Manche Aspekte drohen noch trister: Was macht der arbeitsfreie Österreicher bei Zahnweh? Drei Tage warten? Was tut man gegen einen unaufhaltsam rinnenden Toilettenabfluss? Drei Tage warten? Wer bringt einem in der reichlichen Freizeit im Schanigarten einen Kaffee oder ein Bier? Wer führt die Freizeitgesellschaft mit Bahn oder Bus ins Grüne? Wie können die ständig mehr werdenden Hochbetagten lebenswert betreut werden?
Wie bewältigt man in vier Tagen eine Sieben-Tage-Landwirtschaft? Gibt man das Melkvieh drei Tage bei der Gewerkschaft oder der Arbeiterkammer ab? Wie hält man die Landjugend für eine Sieben-Tage-Woche am Hof? Und wenn die jungen Frauen und Männer nachhaltig in die Vier-Tage-Woche abwandern: Woher kommt dann auf kurzem Transportweg das regionale, genfreie Mittagessen?
Wer garantiert die Sicherheit, wenn die Polizei wöchentlich drei arbeitsfreie Tage einschiebt? Ihre Tätigkeit lässt sich nur beschränkt digitalisieren, und für einen geregelten Turnusdienst fehlen sowohl das ausgebildete Personal als auch die Geldmittel. Sollten Manager ihre Arbeit um einen weiteren Tag verkürzen, erspart man sich mangels ihrer Erfolge allerdings die Debatte über Bonuszahlungen.
Schließlich stellt sich die Frage nach dem Selbstwertgefühl der Menschen. Man ist Krankenschwester, Buchhalter, Dachdecker, Müllentsorger, Rechtsanwältin, Reisemanagerin, Tankwart, Verkäuferin, Weinbauer. Die unverzichtbaren Berufserfahrungen eignet man sich nur in der Praxis an.
Ein Künstler ist immer Künstler, sieben Tage in der Woche. Wer nur vier Tage in der Woche Journalist sein will, ist keiner und wird nie einer werden.
Wenn die Vier-Tage-Woche Allgemeingut wird, sieht die Wochenbalance so aus: 136 Stunden Freizeit, 32 Stunden Arbeit.
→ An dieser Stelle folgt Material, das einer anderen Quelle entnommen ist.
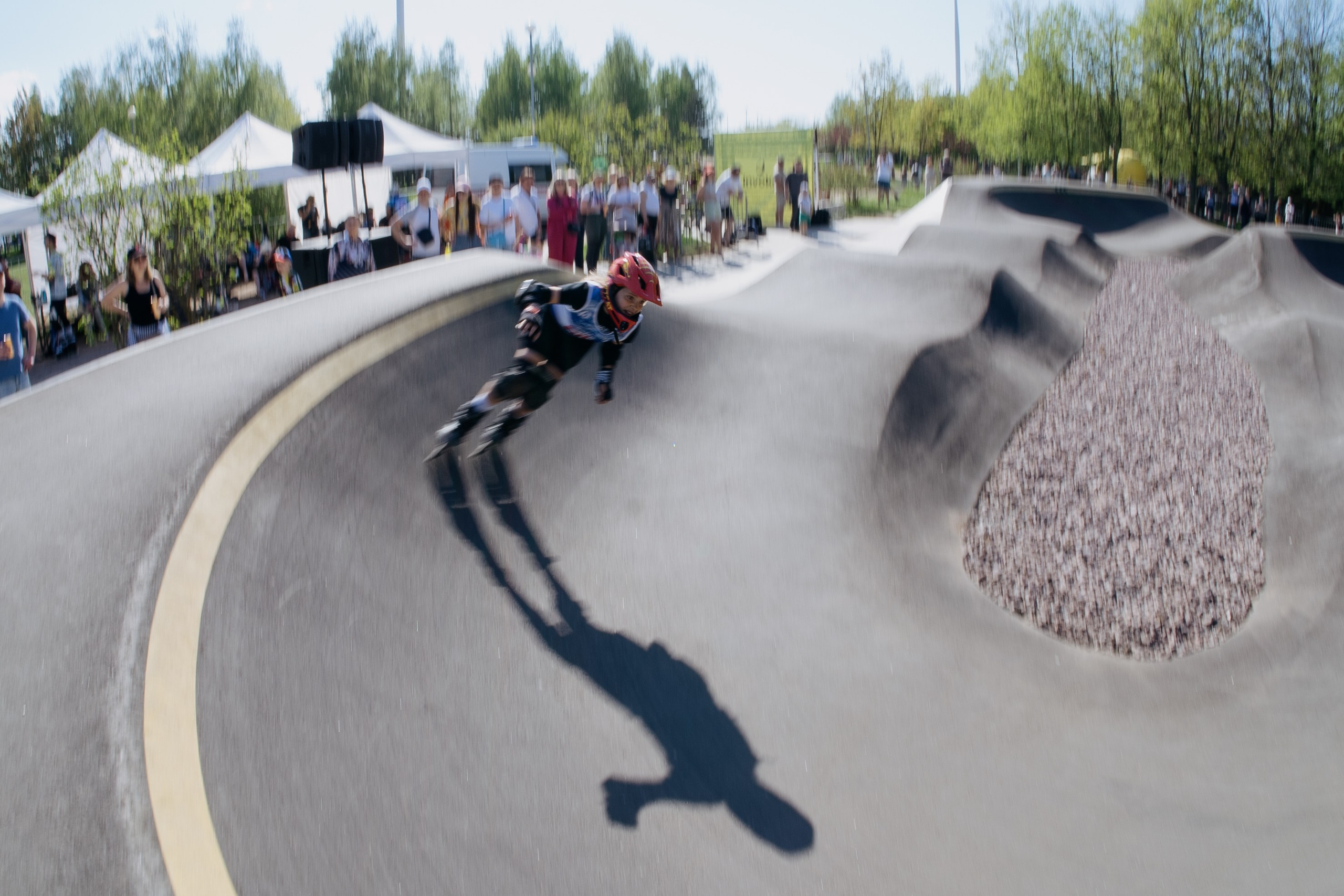 INVOKE PUMP JAM 17–19 мая 2024 СПБ Парк 300 летия. Свадебный и семейный фотограф в Санкт-Петербурге Дмитрий Панин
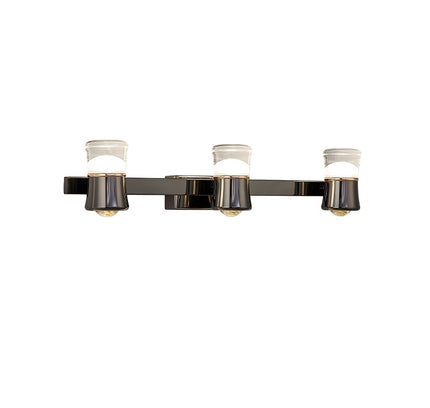 Wall lamp (Sconce) UGE by Rodesigne — glass wall sconce lamp, designer lighting by RODESIGNE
Ohne Arbeit bleibt innere Leere, und viel Freizeit leert die Geldbörse. Was liegt für den Installateur und die Masseurin näher als Schwarzarbeit? Dann (nur dann) kann man sich notfalls auch die Privatpraxis eines Vier-Tage-Spitalsarztes leisten, denn der Operationstermin einer Krankenkassenbehandlung liegt absehbar vier Tage nach Eintritt des Todes. Und die Doppelberufstätigkeit zeitigt neue Einkommensunterschiede und damit neues Konfliktpotential.
Viele Menschen finden in ihrer Tätigkeit Erfüllung. Es ist heute nicht vorhersehbar, wie sich künftig Menschen an ihrem Lebensabend fühlen werden, die in ihrem Dasein nichts anderes gehabt haben, als was sie für Spaß hielten.
Vorerst ist es besser, sich weiter an das kluge Wort zu halten: Wähle einen Beruf, den du liebst, und du brauchst dein ganzes Leben lang nicht zu arbeiten.
Willi Sauberer, Schüler Hugo Portischs, war ab 1961 Mitarbeiter von Alfons Gorbach, Josef Klaus und Hermann Withalm und von 1971 bis 1994 Chefredakteur einer kleinen Salzburger Tageszeitung. Der konservative Publizist schreibt vorwiegend über gesellschaftspolitische, zeithistorische und lokal-geschichtliche Themen.